To get there on any terms, we would need a spacecraft physically capable of surviving intact through the entire acceleration regimen of the trip and withstanding the rigors of the journey¹, while still being able at the end of the trip to operate its sensor suite and send a minimum of a few megabytes of data at a level of power sufficient to supply clear reception at the end of a 4.3 light year trip. Finally, the first such ship must be able to make the outgoing trip in less than fifty years, which is the longest travel time we could obtain without running the risk that a subsequent spacecraft capable of overtaking it could be designed and built. To attempt any such journey before those basic conditions would be met would be a colossal waste of resources.

To sum up the numbers

The conditions laid out above result in the following specifications:

  • One to two tons of payload
  • Sensor suite, data storage, and EM transmitter components capable of operating intermittently during fifty years of exposure to wide variations in temperature and exposure to high-energy particles
  • Both of the above joined to a propulsion system capable of maintaining an average speed of 93 million kph during those same fifty years, and decelerating to a capture velocity at the end of the journey

Such a system is possible in theory, though probably not practicable unless the infrastructure to build it can be developed in orbit.
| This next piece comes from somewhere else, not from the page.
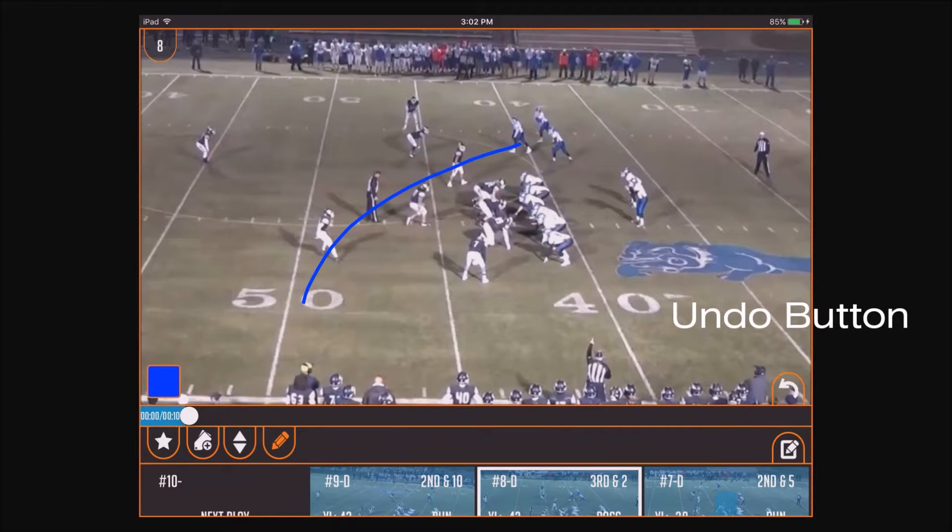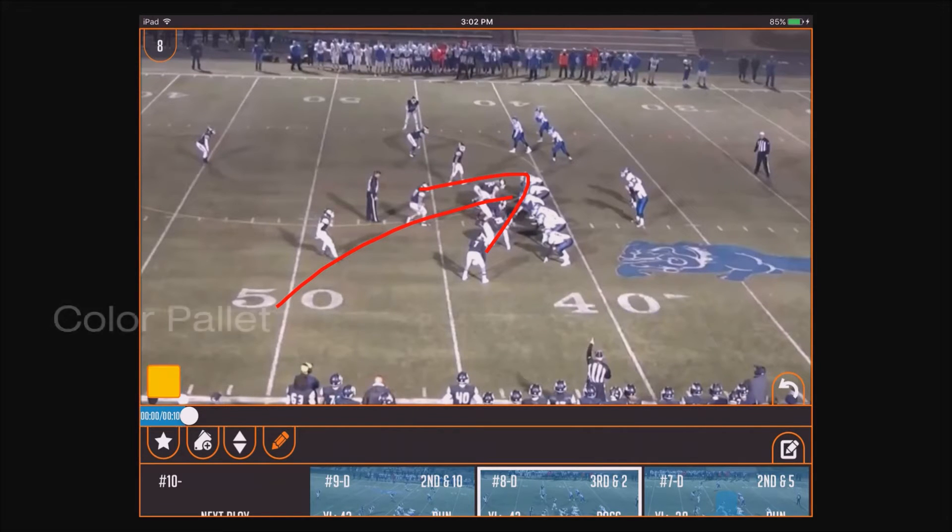In the bottom right hand corner, use the undo button to undo the drawing you just did. In the bottom left of the screen is the color palette — tap it to change the colors of the drawing.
Meanwhile, three additional conditions must be met:

  1. The engineering of such a system must be made possible through advancements in propulsion and materials tech;
  2. The target planet(s) must be known to fulfill basic conditions of habitability such as atmosphere, surface gravity, surface temperature regime, and ambient radiation levels in advance (otherwise, we’re better off confining exploration to our own solar system); and
  3. Perhaps hand in hand with the research done to meet the second condition, the spacecraft design must be flown and refined several times before the full mission is attempted.

Such a program would offer a second piece of good news to follow on discovery of habitability: the technologies developed to fulfill the first mission could in turn be adapted to the needs of colonizing any habitable planet found.

Something tells me that as a species we’ll be lucky to accomplish all of these tasks within our lifetimes, and almost as lucky if we don't manage to louse our own planet beyond a state of easy habitability in the meantime.